I never really understood the appeal of zombie movies before that. Shuffling around, and whatnot. Why are they a threat? I guess it was the thrill of taking one’s head off with a shotgun that people liked to see. Of course, the social commentary between zombies and mall culture in Dawn of the Dead was cool. But beyond that, what was cool or menacing about zombies? Their numbers? Their relentlessness? I’ve never been a big horror fan, so if anyone wants to take a stab (again, no pun) at explaining the appeal in the comments, I’m all ears.

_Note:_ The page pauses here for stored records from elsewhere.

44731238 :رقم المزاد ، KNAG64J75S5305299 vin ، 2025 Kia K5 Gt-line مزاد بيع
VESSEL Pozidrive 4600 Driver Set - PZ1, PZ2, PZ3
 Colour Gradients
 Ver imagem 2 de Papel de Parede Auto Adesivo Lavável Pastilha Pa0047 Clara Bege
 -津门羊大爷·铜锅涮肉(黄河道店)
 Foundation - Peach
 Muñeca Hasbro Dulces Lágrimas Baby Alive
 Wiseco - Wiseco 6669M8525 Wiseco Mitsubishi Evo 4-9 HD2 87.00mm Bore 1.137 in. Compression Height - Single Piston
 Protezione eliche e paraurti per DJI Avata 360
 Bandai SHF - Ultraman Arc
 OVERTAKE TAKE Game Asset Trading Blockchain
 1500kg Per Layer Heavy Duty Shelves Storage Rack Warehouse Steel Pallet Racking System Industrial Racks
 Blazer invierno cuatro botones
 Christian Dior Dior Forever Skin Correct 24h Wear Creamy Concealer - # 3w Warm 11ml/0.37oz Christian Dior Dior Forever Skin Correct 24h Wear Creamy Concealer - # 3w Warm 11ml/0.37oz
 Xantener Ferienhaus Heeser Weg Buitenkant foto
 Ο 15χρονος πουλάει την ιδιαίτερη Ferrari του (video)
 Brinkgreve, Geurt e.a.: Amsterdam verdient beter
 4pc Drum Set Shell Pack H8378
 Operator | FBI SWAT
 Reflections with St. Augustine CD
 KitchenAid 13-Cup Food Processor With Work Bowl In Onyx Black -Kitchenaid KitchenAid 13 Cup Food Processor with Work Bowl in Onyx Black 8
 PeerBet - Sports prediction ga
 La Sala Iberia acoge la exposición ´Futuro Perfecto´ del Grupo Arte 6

As much as I liked the original 28 Days Later, I wonder if the sequel can live up to it’s predecessor. The rumor is that the producers threw a bunch of money at Cillian Murphy to reprise his role and (I think) have him come back as a zombie. Is that right? No dice, though because he turned them down.
I don’t really think that Murphy’s involvement is a requirement to make 28 Weeks Later a success. After all, there were no real big name actors in the first movie, so this one will probably do just fine. It just makes me wonder if that would have been an insurance policy of sorts for the producers or if it’s a sign that they don’t have faith in what they have script-wise.
For me it’ll be wait-and-see. I saw the first 28 Days Later on DVD. It’ll probably be the same for 28 Weeks Later. I’m too much of a wuss. I need to pause the movie and get a soda sometimes. I can’t do that in the theater. Oh, well.